*Prompt*
In the records below, reproduce exactly the lines from the one containing "Сапронова Н.В. Белгород - фотография" through the one containing "Pronájem bytu 2+1, Praha", both included, and omit the pictures.

*Input records*
▬▬▬▬▬▬
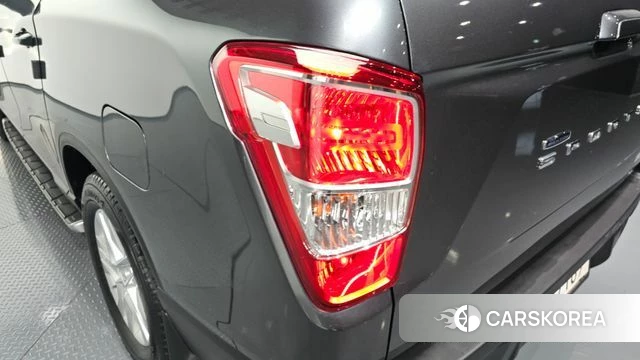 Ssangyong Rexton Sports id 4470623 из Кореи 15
▬▬▬▬▬▬
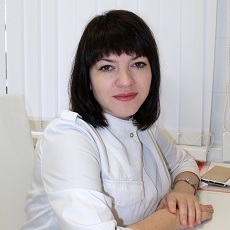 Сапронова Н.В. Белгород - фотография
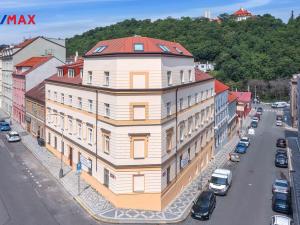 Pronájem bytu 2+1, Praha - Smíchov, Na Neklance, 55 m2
▬▬▬▬▬▬
*The answer*
 Сапронова Н.В. Белгород - фотография
 Pronájem bytu 2+1, Praha - Smíchov, Na Neklance, 55 m2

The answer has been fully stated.